Wow, what a massive sleep that was. During the night, my nocturnal bellyache transmuted into 17 1/2 litres of pungent marsh gas and farted its whiffy way to freedom to puncture a hole in an Ozone layer near you. I therefore awoke refreshed and pugnacious.
My first job was Junk Heap Challenge. Dear Follower Martin challenged me to clear his back yard of assorted rubbish and take it to the tip, winner gets a bottle of wine. It would have been a hush-hush tour of the Leonid Brezhnev Memorial Naval Command Nuclear Bunker atop Portsdown Hill but his Dad doesn't work there any more so he no longer has the security pass, crying shame there.
We filled the car with bamboo and bits of dead cupboard and buckets and planks and delivered it to Havant Municipal Recycling scrapyard where they have made a big effort to make the car park safer for little people so I was able to help unload the car as well. We also picked up a lot of slugs and centipedes and woodlice but the snail we donated to a French Chef. OK, we drowned it in a puddle but who's counting.
I threw planks into the wood skip and got "Ooo, aren't you strong?"-type compliments from passing Mummies, hurrah.
We battled the football-related traffic jams back home and I shovelled in some lunch and we all raced off to the Portsmouth District Cub Scout Heap'O'Junk Scrap Challenge. The building that The Nameless One of our number was convinced was the Scout Hut turned out to be very locked, but we checked out the Territorial Army centre (closed) and asked a man in a pub who told us we'd been about 50 yards from the real Scout Hut so we sheepishly (and a little bit goatishly) drove back the same way and got in hardly late at all.

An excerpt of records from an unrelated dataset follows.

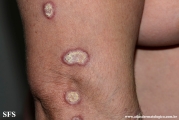 lupus erythematosus chronicus verrucous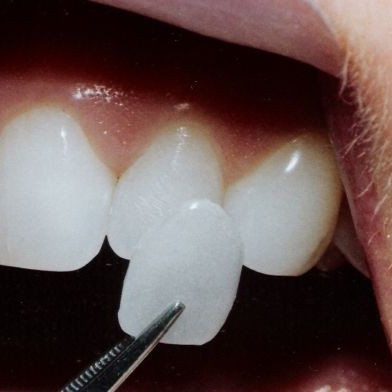 Emergency Dentist N11, Composite Tooth Bonding N11, Teeth Whitening N11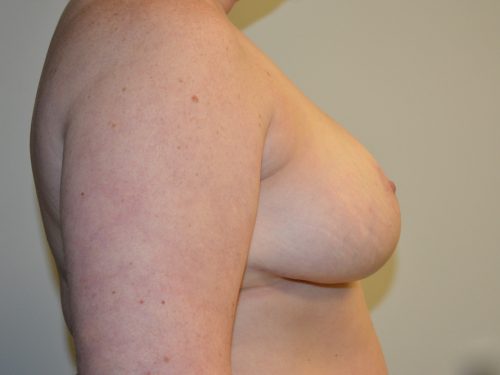 Breast Reduction After Patient 3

My group was one of half a dozen competing Cub Packs and absolutely none of us had done one before. We had a story read to us about blue aliens attacking their former planetoidy domicile in a galaxy farfar away and there were castles and towers and recriminations and kings and forgiveness.
In the room were several presentation frames of Scouting Badges from years past, displays of knots, pictures of the Queen and so forth. One of these guys certainly liked his tassels and colourful metallic flashy badges, the other must have been a total porker to be big enough to fit all those badges on one scout jumper, I think we all know someone like that.
Some of the groovy badges from the seventies were sponsored by companies related to the discipline, eg the science one had BNFL (British Nuclear Fuels) stitched into it, did these people get to tour a nuclear power plant to get their badge??
We were then given all manner of boxes, bottles, paper and cardboard and a spectrum of powder paint and we got to work. All six groups independently decided to make a castle, as you do.
In the end, we came second, a complete travesty of course. Just because the 49th had a drawbridge on their castle, harrumph.
In familial Solidarność for my failure to progress to the next round, Bud bought me 2 Match Attax! cards, nothing to do with getting me out of Jof's way so she could rest her feet, honest. Later we played Monopoly. Hooray for reality, more than I get at home.
After bath fizzer night I rejoined Jof to watch Match of the Day on our comfortable sofa with the special knitted blankets and the Wayne Rooney goal that almost equalled that of Mr D. Beckham. What more do you need.